After a couple days in Rio, I knew how both Schaub and the kid felt. When you don't speak the same language, suddenly we're all just cavemen performing hand gestures that seem perfectly clear to us, but mean nothing to anyone else.
Thankfully, one of the bilingual Brazilians with us came to the rescue. Soon the kid had his hands inside the gloves, and within minutes the court filled with the unmistakable cracking of gloves against pads. Tropa Thai was no longer a basketball court where kids shadow-boxed in old handwraps.

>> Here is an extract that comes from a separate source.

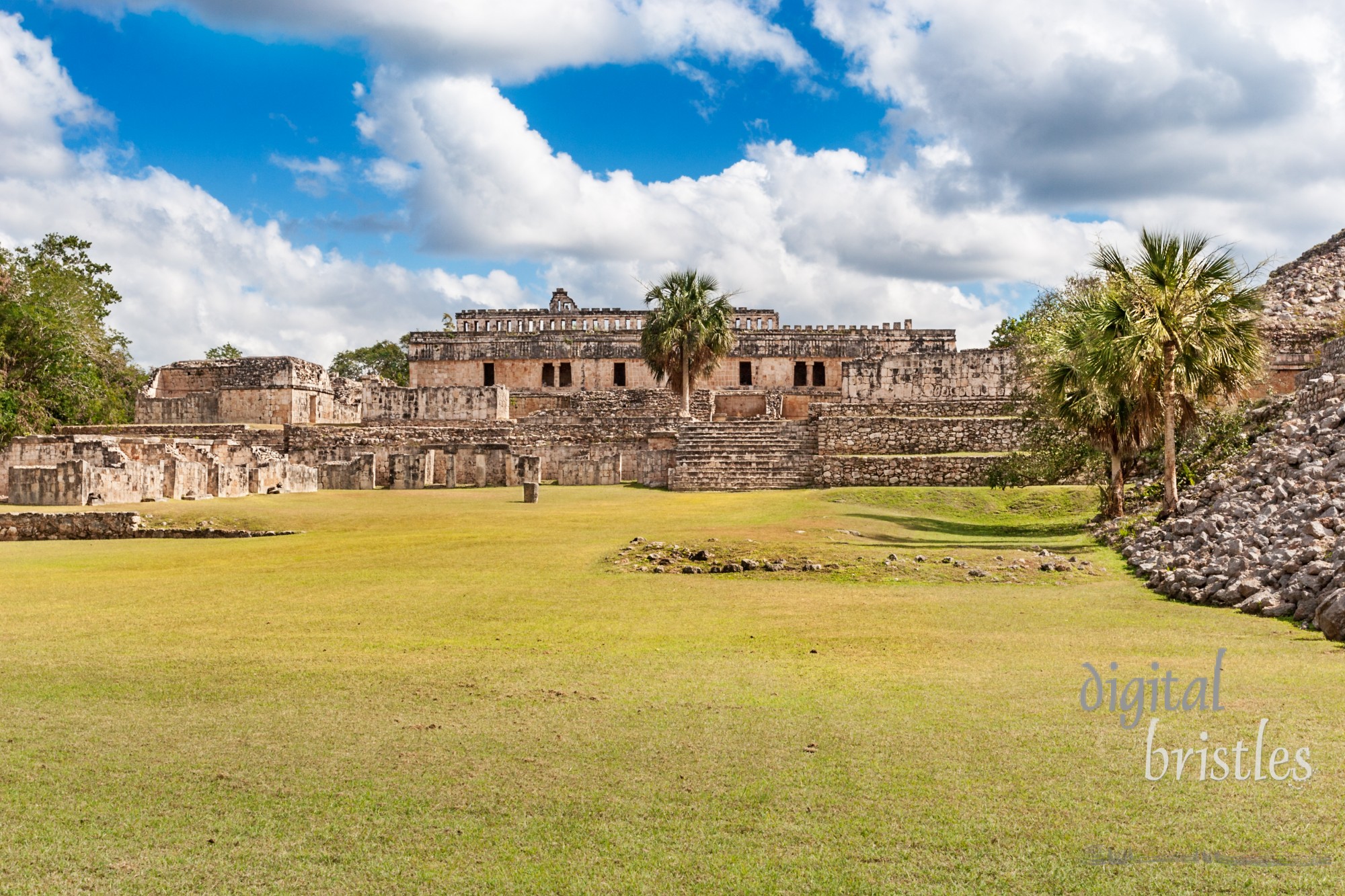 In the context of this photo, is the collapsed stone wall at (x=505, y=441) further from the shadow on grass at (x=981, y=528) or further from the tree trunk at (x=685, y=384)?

Now it was a true training ground.
Then it was time for Schaub, this enormous, mysterious foreigner who had showed up one night like Santa Claus with cauliflower ear, bearing free gifts, to get back in his van and go.
He had a fight to think about, after all. A chance to show up at the HSBC Arena and get booed by all the people who either didn't know or didn't care about tonight's charity, who would rise to the their feet at the weigh-ins the following afternoon and shout "vai morrer" -- you're going to die -- as he smiled and flexed in the same Bony Acai cap he's been wearing since he got here (just one more reason Bony loves him).
But then, he knows to expect that. He is fighting a Brazilian hero, and this is a country that holds its heroes close.
"We need more heroes who are not just soccer players," Bony told me on the ride home, again picking our way through the traffic. "Now, it's starting to happen. Fighters are becoming our heroes."
It's happening, but slowly. The same way you get anywhere in this city.